[[ RECORDS, beginning ]]

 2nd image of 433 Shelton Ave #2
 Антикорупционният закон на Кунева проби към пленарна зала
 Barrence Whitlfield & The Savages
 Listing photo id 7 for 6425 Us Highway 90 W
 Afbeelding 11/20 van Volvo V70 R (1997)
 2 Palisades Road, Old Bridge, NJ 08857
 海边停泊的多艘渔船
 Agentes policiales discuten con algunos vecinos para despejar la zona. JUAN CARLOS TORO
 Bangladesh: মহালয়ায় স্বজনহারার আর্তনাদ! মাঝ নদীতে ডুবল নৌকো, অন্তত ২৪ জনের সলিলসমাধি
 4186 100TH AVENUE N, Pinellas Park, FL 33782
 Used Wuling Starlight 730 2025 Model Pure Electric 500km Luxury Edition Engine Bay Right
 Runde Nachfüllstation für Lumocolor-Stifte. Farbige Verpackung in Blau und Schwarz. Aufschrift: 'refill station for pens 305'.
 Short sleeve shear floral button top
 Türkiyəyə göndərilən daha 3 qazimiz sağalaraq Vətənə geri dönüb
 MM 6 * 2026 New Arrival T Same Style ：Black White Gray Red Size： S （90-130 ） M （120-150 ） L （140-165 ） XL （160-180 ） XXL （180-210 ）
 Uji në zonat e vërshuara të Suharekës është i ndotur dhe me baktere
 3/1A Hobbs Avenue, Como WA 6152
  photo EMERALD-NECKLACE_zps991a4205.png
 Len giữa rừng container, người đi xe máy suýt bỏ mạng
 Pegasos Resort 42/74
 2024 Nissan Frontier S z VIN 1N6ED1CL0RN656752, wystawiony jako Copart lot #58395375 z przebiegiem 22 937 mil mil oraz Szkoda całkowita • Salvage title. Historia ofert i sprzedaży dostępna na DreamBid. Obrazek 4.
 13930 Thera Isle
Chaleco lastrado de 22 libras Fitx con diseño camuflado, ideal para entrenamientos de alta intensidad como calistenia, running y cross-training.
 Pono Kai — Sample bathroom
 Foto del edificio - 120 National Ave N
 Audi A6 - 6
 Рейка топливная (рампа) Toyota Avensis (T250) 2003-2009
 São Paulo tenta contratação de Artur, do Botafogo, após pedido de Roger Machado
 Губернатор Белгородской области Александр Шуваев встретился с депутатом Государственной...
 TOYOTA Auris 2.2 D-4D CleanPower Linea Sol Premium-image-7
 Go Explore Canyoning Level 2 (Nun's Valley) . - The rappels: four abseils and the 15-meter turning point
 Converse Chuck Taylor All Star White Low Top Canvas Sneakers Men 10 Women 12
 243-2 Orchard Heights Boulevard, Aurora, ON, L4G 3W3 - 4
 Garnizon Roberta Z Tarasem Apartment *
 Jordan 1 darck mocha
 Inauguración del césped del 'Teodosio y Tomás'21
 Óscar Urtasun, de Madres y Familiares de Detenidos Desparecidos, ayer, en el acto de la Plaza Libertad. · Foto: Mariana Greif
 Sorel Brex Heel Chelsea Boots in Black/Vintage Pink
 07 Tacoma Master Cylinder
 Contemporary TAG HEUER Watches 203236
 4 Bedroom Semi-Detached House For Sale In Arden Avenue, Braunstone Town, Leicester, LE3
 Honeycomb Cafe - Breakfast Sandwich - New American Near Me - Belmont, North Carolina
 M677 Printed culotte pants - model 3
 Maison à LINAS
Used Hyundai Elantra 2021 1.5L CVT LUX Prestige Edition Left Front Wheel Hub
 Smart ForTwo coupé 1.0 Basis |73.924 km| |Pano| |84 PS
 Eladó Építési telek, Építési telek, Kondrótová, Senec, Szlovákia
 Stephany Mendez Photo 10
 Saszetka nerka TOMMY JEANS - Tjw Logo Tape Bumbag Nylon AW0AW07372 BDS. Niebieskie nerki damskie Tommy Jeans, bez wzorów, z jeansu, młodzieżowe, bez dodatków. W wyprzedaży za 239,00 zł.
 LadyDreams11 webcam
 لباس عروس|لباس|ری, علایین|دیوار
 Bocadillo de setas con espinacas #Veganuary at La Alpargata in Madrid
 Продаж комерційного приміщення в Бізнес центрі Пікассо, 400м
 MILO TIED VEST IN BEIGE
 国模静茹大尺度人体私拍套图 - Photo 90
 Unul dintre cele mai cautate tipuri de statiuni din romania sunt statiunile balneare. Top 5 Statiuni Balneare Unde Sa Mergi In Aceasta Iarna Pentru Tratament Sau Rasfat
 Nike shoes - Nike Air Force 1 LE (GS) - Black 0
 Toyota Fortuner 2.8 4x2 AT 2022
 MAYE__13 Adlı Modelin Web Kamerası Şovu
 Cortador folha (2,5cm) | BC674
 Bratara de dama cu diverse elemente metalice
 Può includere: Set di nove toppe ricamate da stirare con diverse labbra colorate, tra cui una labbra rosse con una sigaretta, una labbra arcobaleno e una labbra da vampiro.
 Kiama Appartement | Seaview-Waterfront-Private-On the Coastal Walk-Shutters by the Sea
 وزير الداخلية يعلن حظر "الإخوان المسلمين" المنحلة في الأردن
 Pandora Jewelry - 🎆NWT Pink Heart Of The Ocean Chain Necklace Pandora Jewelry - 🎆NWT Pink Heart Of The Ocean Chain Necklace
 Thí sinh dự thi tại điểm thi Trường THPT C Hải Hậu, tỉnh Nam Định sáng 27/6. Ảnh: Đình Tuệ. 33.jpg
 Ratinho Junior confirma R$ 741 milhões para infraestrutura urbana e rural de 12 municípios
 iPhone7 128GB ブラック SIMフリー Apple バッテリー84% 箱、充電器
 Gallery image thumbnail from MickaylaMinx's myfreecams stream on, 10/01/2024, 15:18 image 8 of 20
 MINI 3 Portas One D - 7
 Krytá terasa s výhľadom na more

[[ RECORDS, end ]]

WORK REQUIRED.
Copy word for word the stretch of entries above from the line that has "Inauguración del césped" through the line that has "Può includere: Set", both ends included, and nothing outside it.

WRITTEN ANSWER.
 Inauguración del césped del 'Teodosio y Tomás'21
 Óscar Urtasun, de Madres y Familiares de Detenidos Desparecidos, ayer, en el acto de la Plaza Libertad. · Foto: Mariana Greif
 Sorel Brex Heel Chelsea Boots in Black/Vintage Pink
 07 Tacoma Master Cylinder
 Contemporary TAG HEUER Watches 203236
 4 Bedroom Semi-Detached House For Sale In Arden Avenue, Braunstone Town, Leicester, LE3
 Honeycomb Cafe - Breakfast Sandwich - New American Near Me - Belmont, North Carolina
 M677 Printed culotte pants - model 3
 Maison à LINAS
Used Hyundai Elantra 2021 1.5L CVT LUX Prestige Edition Left Front Wheel Hub
 Smart ForTwo coupé 1.0 Basis |73.924 km| |Pano| |84 PS
 Eladó Építési telek, Építési telek, Kondrótová, Senec, Szlovákia
 Stephany Mendez Photo 10
 Saszetka nerka TOMMY JEANS - Tjw Logo Tape Bumbag Nylon AW0AW07372 BDS. Niebieskie nerki damskie Tommy Jeans, bez wzorów, z jeansu, młodzieżowe, bez dodatków. W wyprzedaży za 239,00 zł.
 LadyDreams11 webcam
 لباس عروس|لباس|ری, علایین|دیوار
 Bocadillo de setas con espinacas #Veganuary at La Alpargata in Madrid
 Продаж комерційного приміщення в Бізнес центрі Пікассо, 400м
 MILO TIED VEST IN BEIGE
 国模静茹大尺度人体私拍套图 - Photo 90
 Unul dintre cele mai cautate tipuri de statiuni din romania sunt statiunile balneare. Top 5 Statiuni Balneare Unde Sa Mergi In Aceasta Iarna Pentru Tratament Sau Rasfat
 Nike shoes - Nike Air Force 1 LE (GS) - Black 0
 Toyota Fortuner 2.8 4x2 AT 2022
 MAYE__13 Adlı Modelin Web Kamerası Şovu
 Cortador folha (2,5cm) | BC674
 Bratara de dama cu diverse elemente metalice
 Può includere: Set di nove toppe ricamate da stirare con diverse labbra colorate, tra cui una labbra rosse con una sigaretta, una labbra arcobaleno e una labbra da vampiro.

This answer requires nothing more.